Assigned task: What are the lines below, starting at the line containing "op de voorkant." and ending at the line containing "TLR2057 - Rear Hubs, Aluminum (22)"? Write them out exactly, ends included, without pictures.

Data excerpts:
+++++

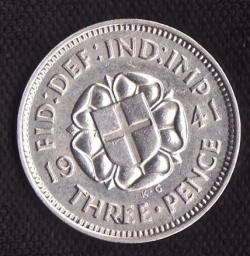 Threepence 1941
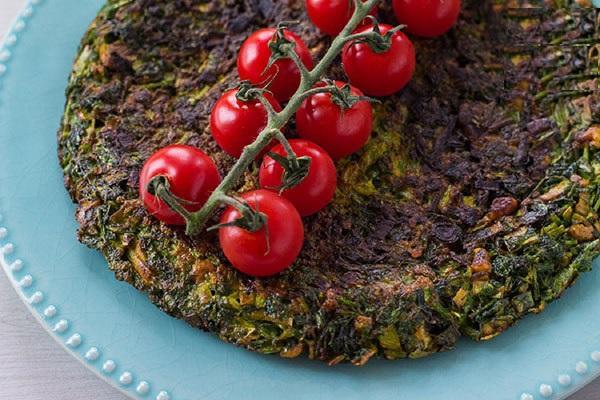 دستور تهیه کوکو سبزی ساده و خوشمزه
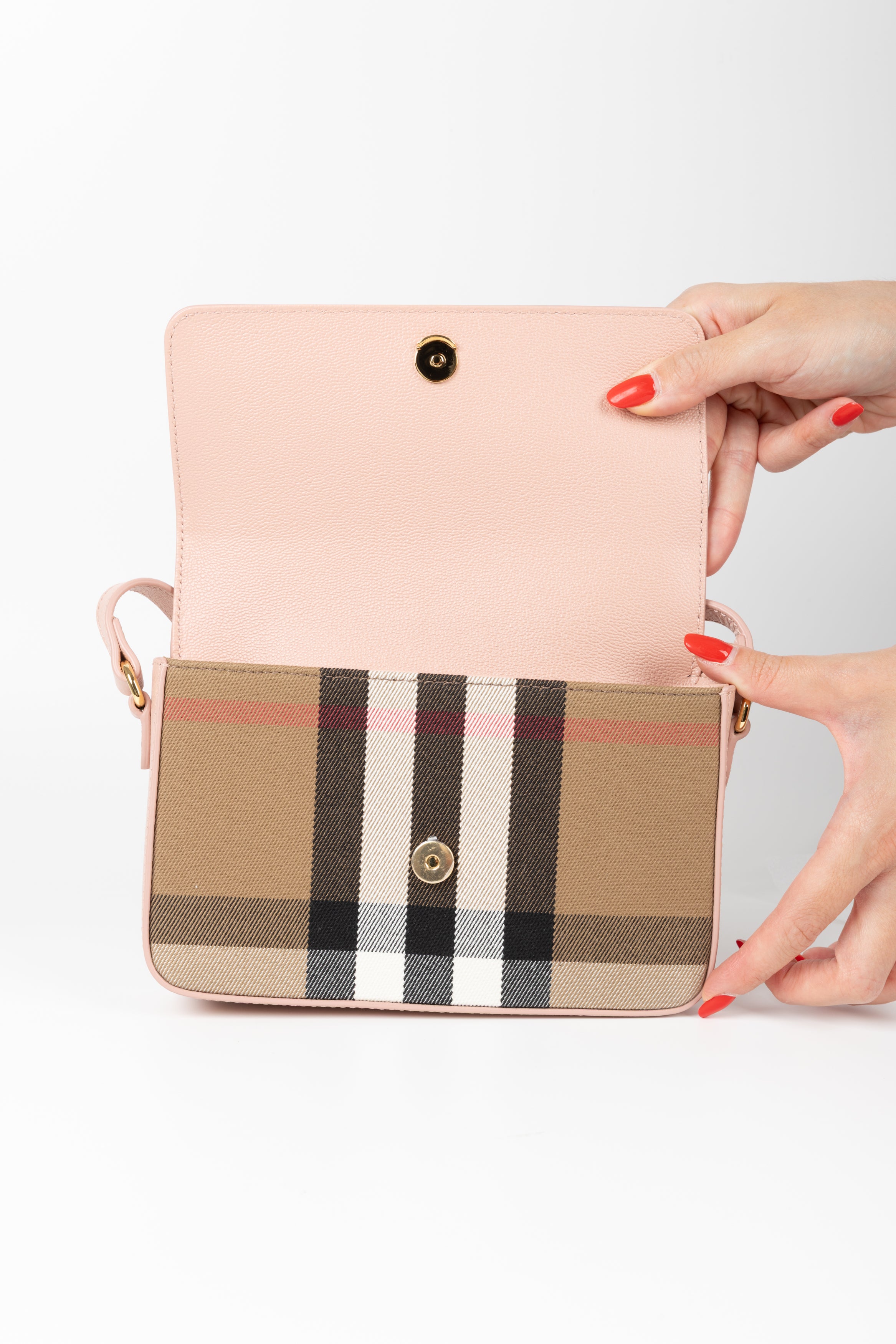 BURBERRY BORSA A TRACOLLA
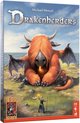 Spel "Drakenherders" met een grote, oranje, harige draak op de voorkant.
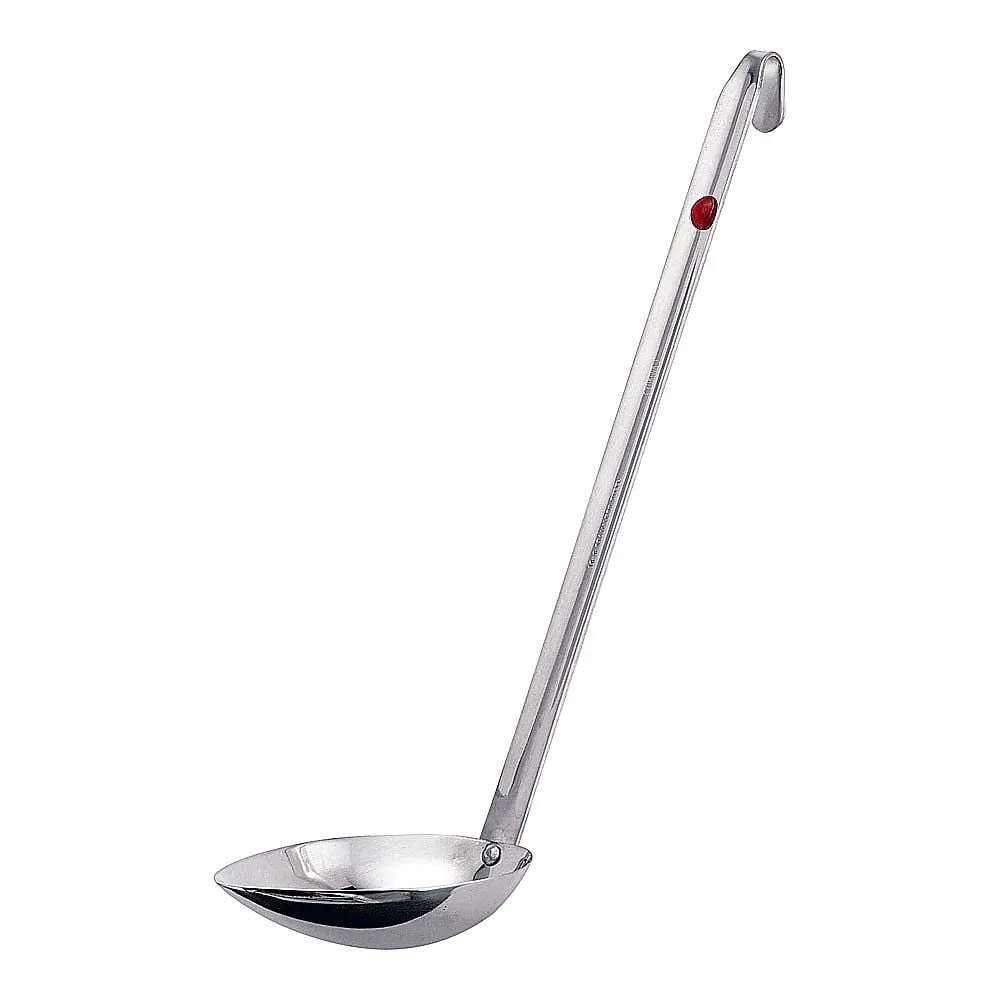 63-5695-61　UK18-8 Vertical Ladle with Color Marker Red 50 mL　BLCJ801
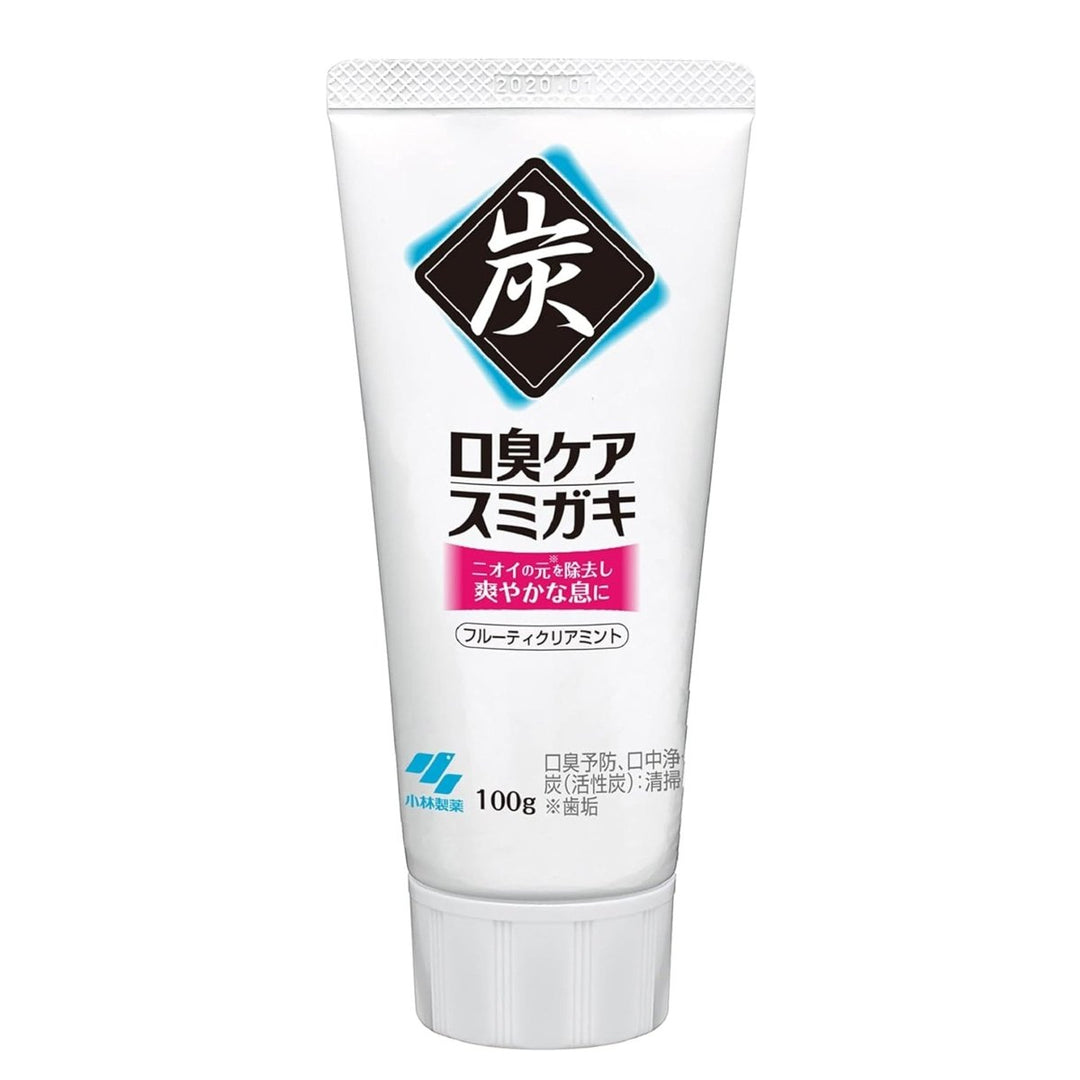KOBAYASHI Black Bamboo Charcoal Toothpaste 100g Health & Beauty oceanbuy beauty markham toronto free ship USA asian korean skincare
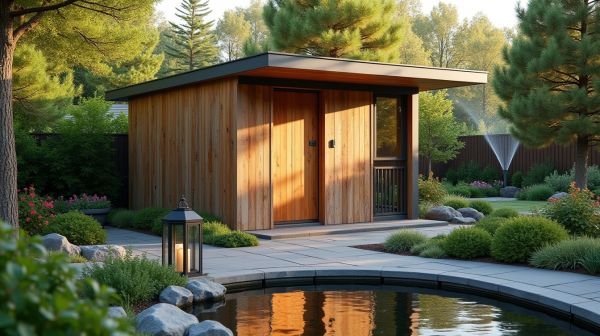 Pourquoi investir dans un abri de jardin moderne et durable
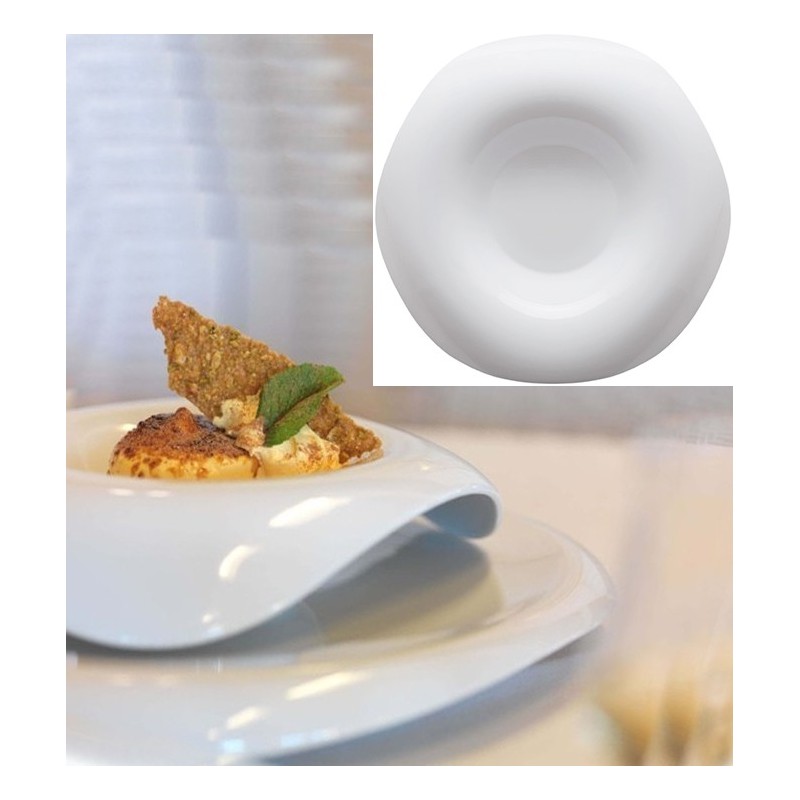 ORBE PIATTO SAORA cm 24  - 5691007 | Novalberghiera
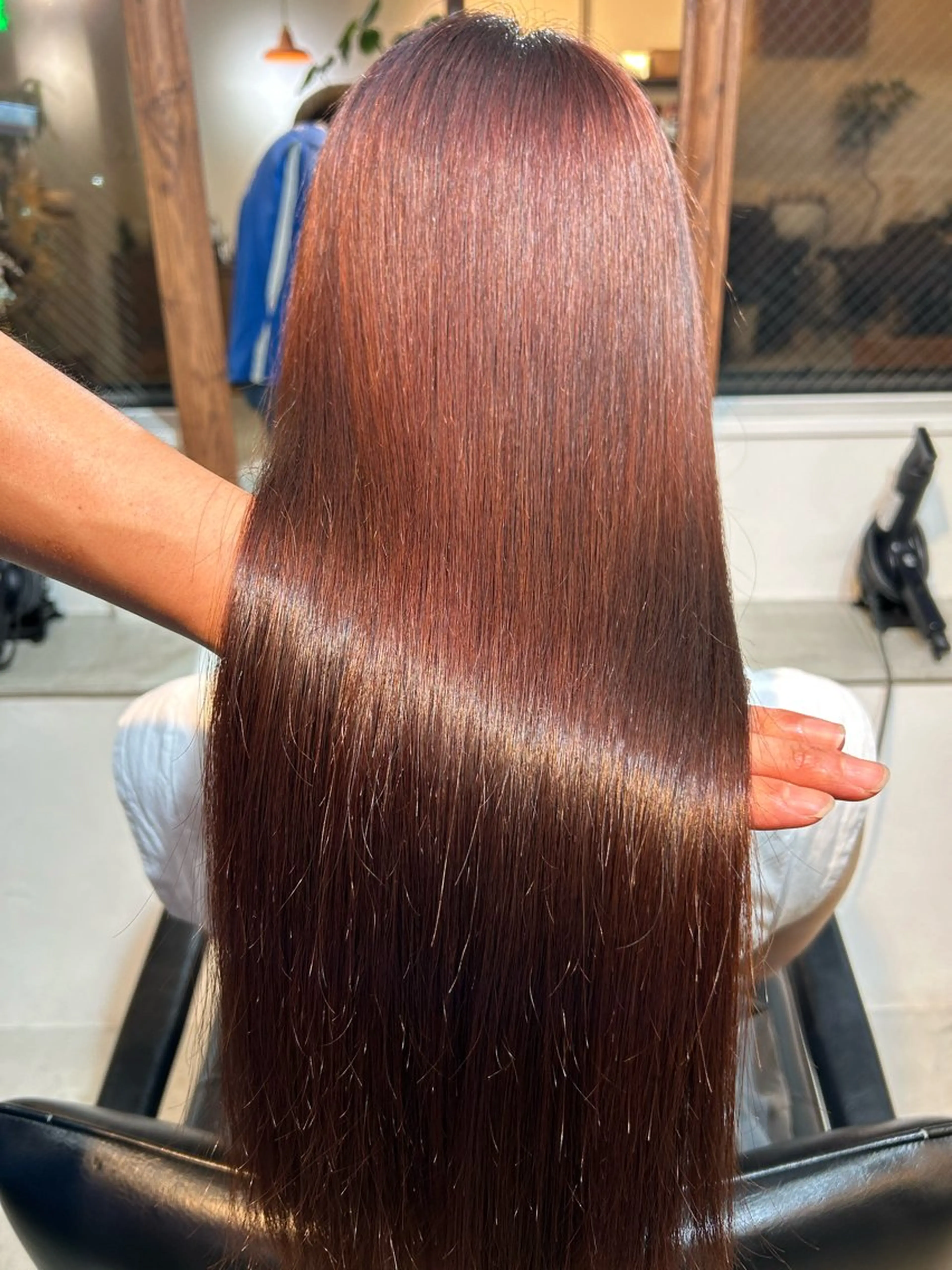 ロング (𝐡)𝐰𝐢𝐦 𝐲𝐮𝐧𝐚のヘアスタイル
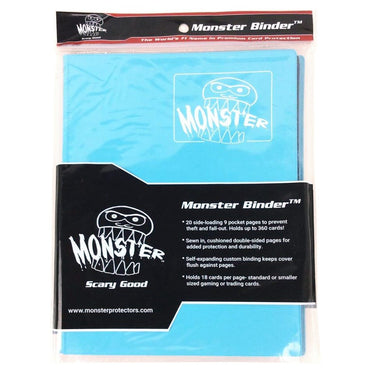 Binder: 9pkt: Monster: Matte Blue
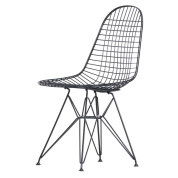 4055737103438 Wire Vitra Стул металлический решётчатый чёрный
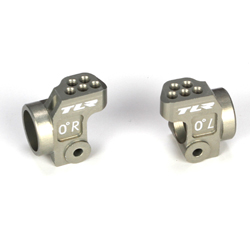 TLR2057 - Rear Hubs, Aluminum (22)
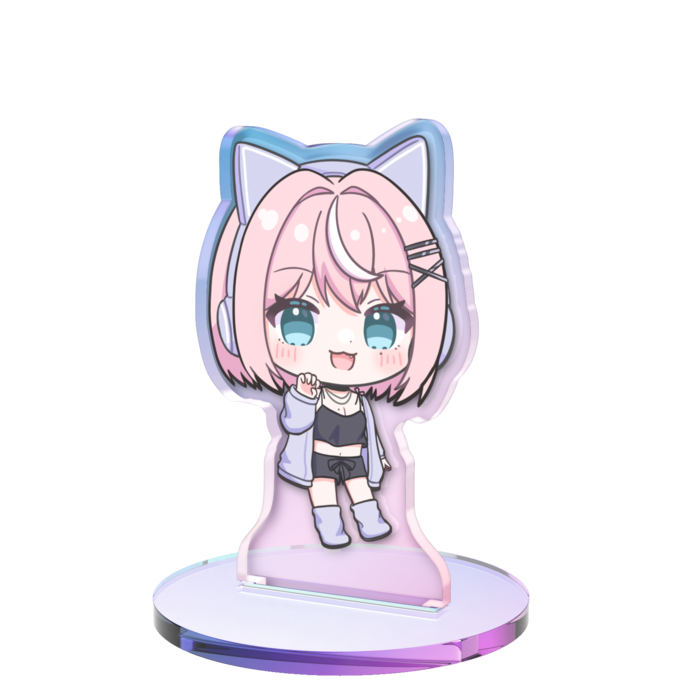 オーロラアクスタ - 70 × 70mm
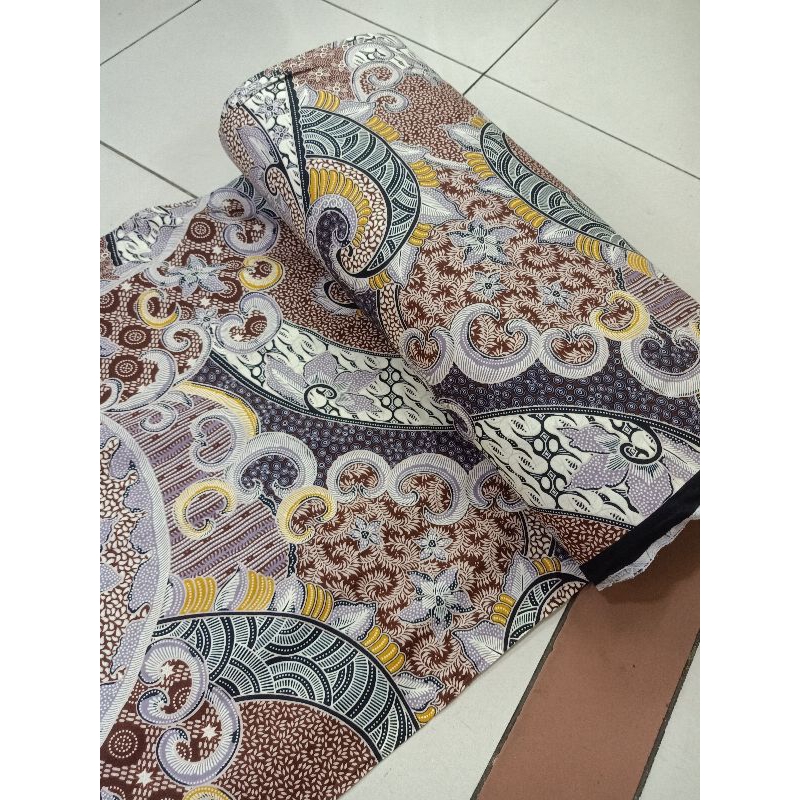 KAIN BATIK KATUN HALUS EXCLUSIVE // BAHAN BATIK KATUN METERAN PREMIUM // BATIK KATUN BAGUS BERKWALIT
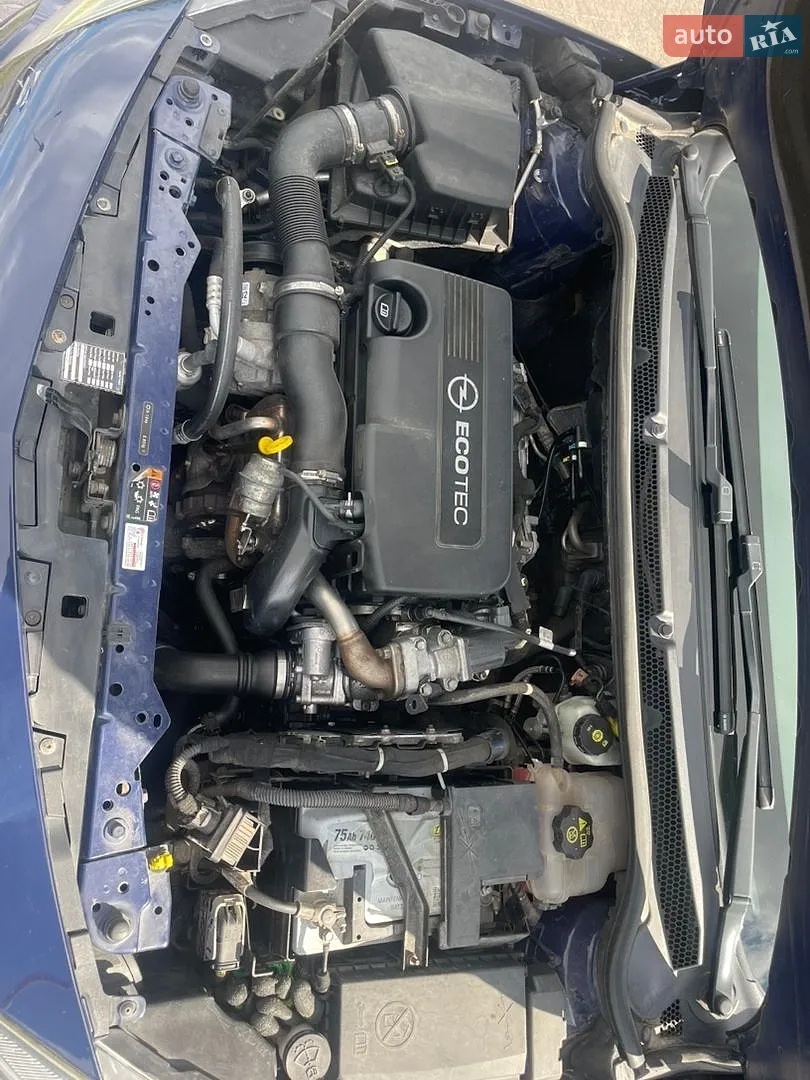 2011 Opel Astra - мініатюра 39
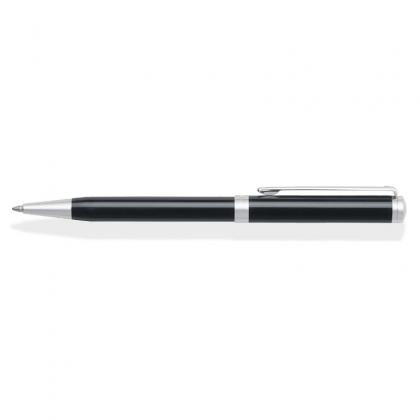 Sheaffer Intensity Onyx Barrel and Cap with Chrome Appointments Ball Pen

+++++

Output for this task:
 Spel "Drakenherders" met een grote, oranje, harige draak op de voorkant.
 63-5695-61　UK18-8 Vertical Ladle with Color Marker Red 50 mL　BLCJ801
KOBAYASHI Black Bamboo Charcoal Toothpaste 100g Health & Beauty oceanbuy beauty markham toronto free ship USA asian korean skincare
 Pourquoi investir dans un abri de jardin moderne et durable
 ORBE PIATTO SAORA cm 24  - 5691007 | Novalberghiera
 ロング (𝐡)𝐰𝐢𝐦 𝐲𝐮𝐧𝐚のヘアスタイル
 Binder: 9pkt: Monster: Matte Blue
 4055737103438 Wire Vitra Стул металлический решётчатый чёрный
 TLR2057 - Rear Hubs, Aluminum (22)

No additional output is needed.